→ REQUIREMENT
Your output should match the listing below word for word, without any images.

→ DATA EXTRACT
Start of Block
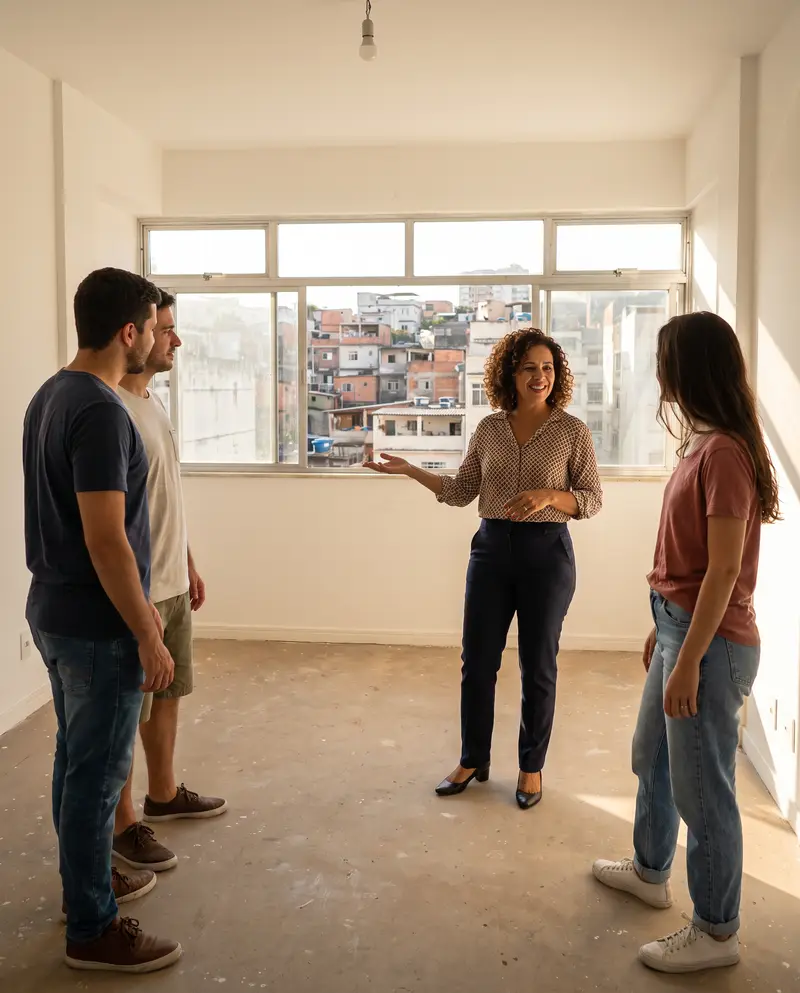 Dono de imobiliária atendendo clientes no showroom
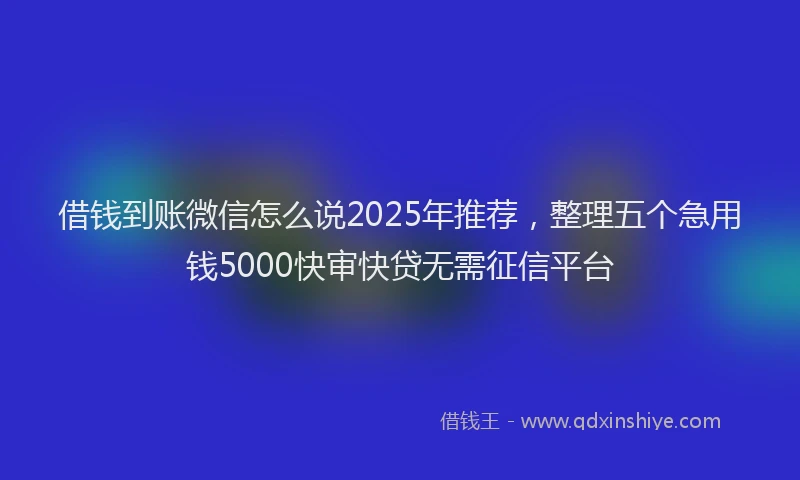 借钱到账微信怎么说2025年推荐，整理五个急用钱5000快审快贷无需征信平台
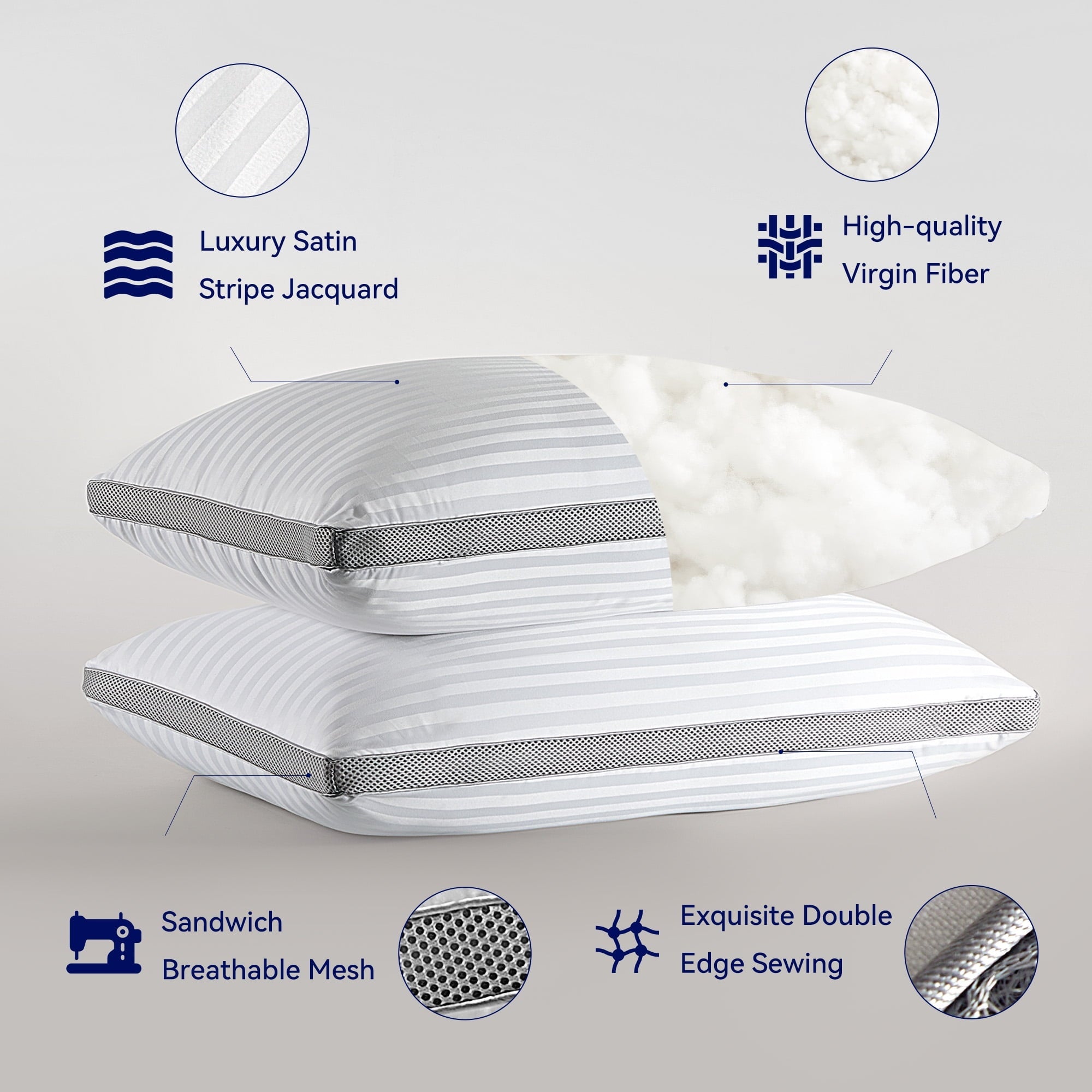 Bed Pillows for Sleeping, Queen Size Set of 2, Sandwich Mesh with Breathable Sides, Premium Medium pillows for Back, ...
End of Block
→ ANSWER SECTION
 Dono de imobiliária atendendo clientes no showroom
 借钱到账微信怎么说2025年推荐，整理五个急用钱5000快审快贷无需征信平台
 Bed Pillows for Sleeping, Queen Size Set of 2, Sandwich Mesh with Breathable Sides, Premium Medium pillows for Back, ...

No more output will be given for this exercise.